No Brasil, os impactos da litigância abusiva são amplamente evidenciados pelos dados apresentados no relatório Justiça em números 2024, que aponta a existência de 83,8 milhões de processos em tramitação no país em 2023, um aumento de 1,1% em relação ao ano anterior. Esse volume resulta, em grande parte, da entrada de 35,3 milhões de novos casos no mesmo período, o maior patamar da série histórica, com crescimento de 9,4% em comparação a 2022. A judicialização excessiva e fragmentada, características da litigância abusiva, contribuem diretamente para o congestionamento processual, que se manteve em 70,5%, ou seja, a cada 100 processos tramitados, apenas 30 foram efetivamente resolvidos no mesmo ano.

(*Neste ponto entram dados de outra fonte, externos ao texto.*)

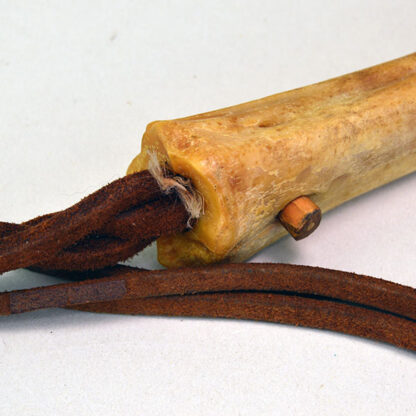 Quirt Deer Bone Leg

A fragmentação de demandas, conhecida como fatiamento de ações – quando há divisão, de forma temerária, de uma única causa em várias ações - é um exemplo emblemático do impacto da litigância abusiva. Essa prática exige que magistrados e servidores dediquem tempo e recursos a demandas similares ou idênticas, gerando desperdício e inflacionando artificialmente o número de processos. O tempo médio de tramitação dos processos pendentes no Brasil foi de 4 anos e 3 meses, sendo ainda mais elevado em casos de execução fiscal, que podem durar 6 anos e 9 meses.
Além dos efeitos sobre o funcionamento da Justiça, a litigância abusiva também gera impactos econômicos significativos. As despesas totais do Judiciário em 2023 alcançaram R$ 132,8 bilhões, o equivalente a 1,2% do PIB brasileiro, refletindo os altos custos operacionais para lidar com o volume crescente de processos. Essas despesas são agravadas pelo uso estratégico de litígios por escritórios especializados, muitas vezes movidos por interesses econômicos que comprometem a eficiência do sistema judicial e aumentam os custos para empresas e cidadãos.
Setores como o bancário, a saúde suplementar e o transporte aéreo são particularmente vulneráveis a práticas de litigância predatória. No setor bancário, por exemplo, escritórios ingressam com milhares de ações idênticas contra instituições financeiras, alegando abusividade de cláusulas contratuais padrão. Já na saúde suplementar, consumidores acionam judicialmente operadoras de planos de saúde para obter coberturas de tratamentos estéticos não previstos em contrato, sobrecarregando o sistema judicial e gerando custos adicionais que são repassados aos beneficiários. No setor aéreo, a litigância abusiva, marcada por ações repetitivas e consumidores serializados, aumenta custos operacionais e sobrecarrega o Judiciário. Já houve cancelamento de rotas e o setor alerta para os riscos econômicos que podem comprometer operações em regiões menos rentáveis.
Apesar dos desafios, o Relatório Justiça em Números 2024 aponta avanços significativos, como o aumento da digitalização dos processos, que já representam 90,6% dos casos em tramitação, e a adoção do modelo "Juízo 100% Digital", que visa acelerar procedimentos e reduzir custos. Essas iniciativas reforçam o papel do Judiciário em adotar soluções inovadoras para enfrentar a litigância abusiva.
O combate a essa prática exige esforços coordenados e assertivos, como os previstos na recomendação 159 do CNJ. A implementação de ferramentas tecnológicas, a promoção de métodos alternativos de resolução de conflitos e a aplicação de sanções por má-fé processual são medidas essenciais para mitigar os danos ao sistema de justiça e à economia. A litigância abusiva é, sem dúvida, um dos maiores desafios para a eficiência e a credibilidade do Judiciário brasileiro, mas também uma oportunidade para fortalecer sua capacidade de servir à sociedade de maneira justa e eficaz.